This working group will continue to mine for values-based business opportunities for our new congregation and we thank them for their work.

The Pragmatic Possibilities Working Group – Mandate:

Areas of oversight, research and investigation include but are not limited to the following:

  • Research what other communities of faith have experimented with within these issues and models of amalgamation that we can learn from ie. Their successes and failures
  • Help us start to imagine what the following areas might look like for our communities: Worship and music, staffing models and plans for the next phases, Governance, finance and stewardship, small group ministry models, reconciliation efforts and implication for our work, intercultural grants, grants and articulating our current process and unfolding vision
  • Identify and implement possible experiments that we want to try along the way
  • Research and identify multiple models related to the issues above that we might want to explore further
  • Identify what additional resources and/or staffing might be required

Membership: Susan Draper, Kathryn Berge, Katy Nelson, Trish Schiedel, Tony Smith, Margaret Harper, Betty Anne Dempsey, Mark Green, Cheryl Black

This working group had rich conversations about the culture and practices of each congregation. The emphasis for the 6 months was on a major research project exploring what had been key characteristics of other churches that were either thriving, large membership, amalgamated, regional and/or innovative inside and outside of the United Church of Canada. The work in the specific areas couldn’t be accommodated in the time we had and much of the particular work will be completed by the Program Management Group with the assistance of an organizational consultant.  Below are the 12 characteristics found in the sample churches. This list will guide what follows and we thank the group for their work and dedication.

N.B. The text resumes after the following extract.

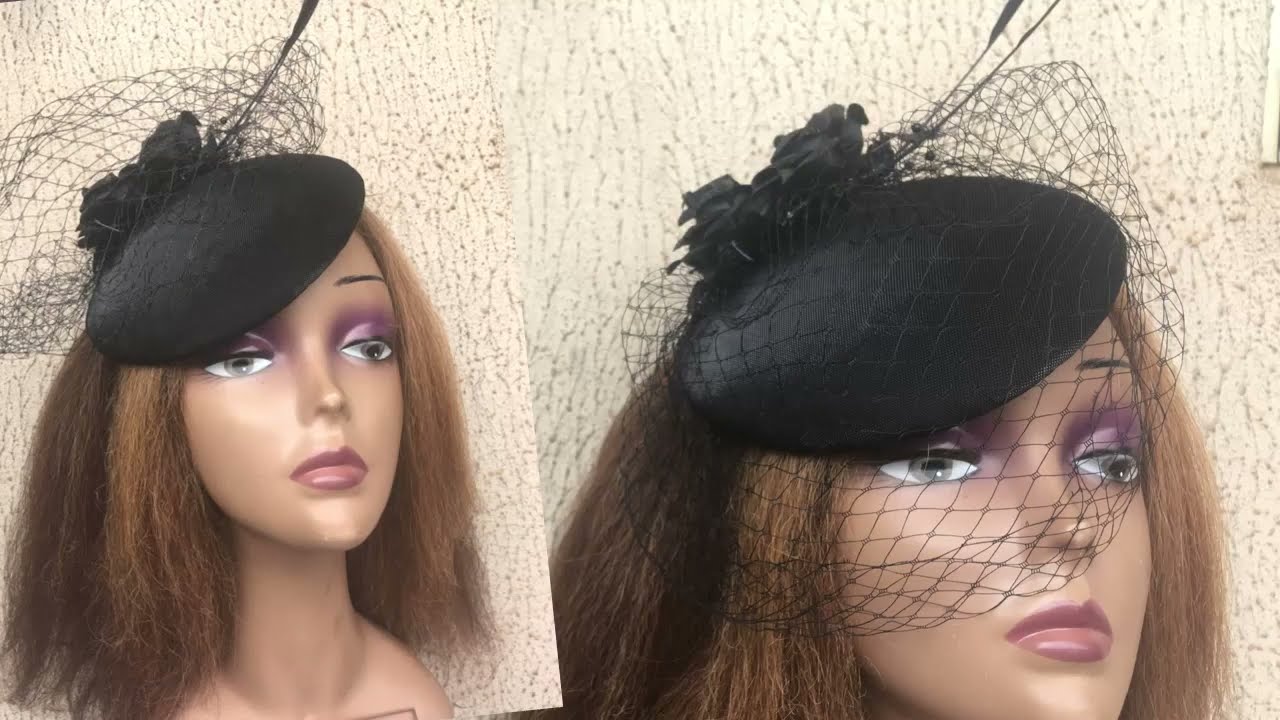 DIY BLACK FASCINATOR WITH BIRDCAGE | HOW TO MAKE FASCINATOR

Characteristics of an Effective, Progressive, Collaborative Regional Church

  1.   Mission or Purpose
  • Clearly defined but open to evolution as the community discerns its way
  • Culture of giving and service to the mission is actively promoted and celebrated.

2. Progressive Theology

  • Open minded and hearted attitude
  • Evolving understanding of relationship with each other and with the earth
  • Diverse ways of connecting with God and/or what is Sacred explored/offered

3. Other Progressive Lens Evident in Life and Work of the Church

  • Reconciliation
  • Intercultural
  • Life-giving
  • Justice-making
  • Affirming
  • Equity/Diversity

4.  Partnerships with Other Faith Communities and Community Groups to Create Change in the World

  • Serves as a resource centre for smaller churches and faith/community groups
  • Promotes systemic change locally, nationally and globally
  • Provides a safe place for difficult conversations
  • Walks with the poor and vulnerable- listening and responding to their needs in a supportive way
  • Collaborates with cultural creatives and artists of all kinds to imagine and produce experiences of hope and transformation
  •  Worship
  • Inspiring and evolving preaching/teaching
  • Music- high calibre, whatever the style
  • Worship shared using IT- podcasts, live-streaming, recorded for vimeo/you-tube, etc.
  • Opportunities to worship at different times/places during week
  • Diverse worship experiences- a blend of ancient tradition, popular culture. contemplative practices, technology, and creative arts
  •  Clergy and Staffing
  • Ministers are spiritual leaders/teachers in the community, upholding the vision and values of the church and community inside and outside of the church.
  • Sufficient paid staff to fulfil all desired functions.
  • Volunteers supported by staff; expectations clearly defined.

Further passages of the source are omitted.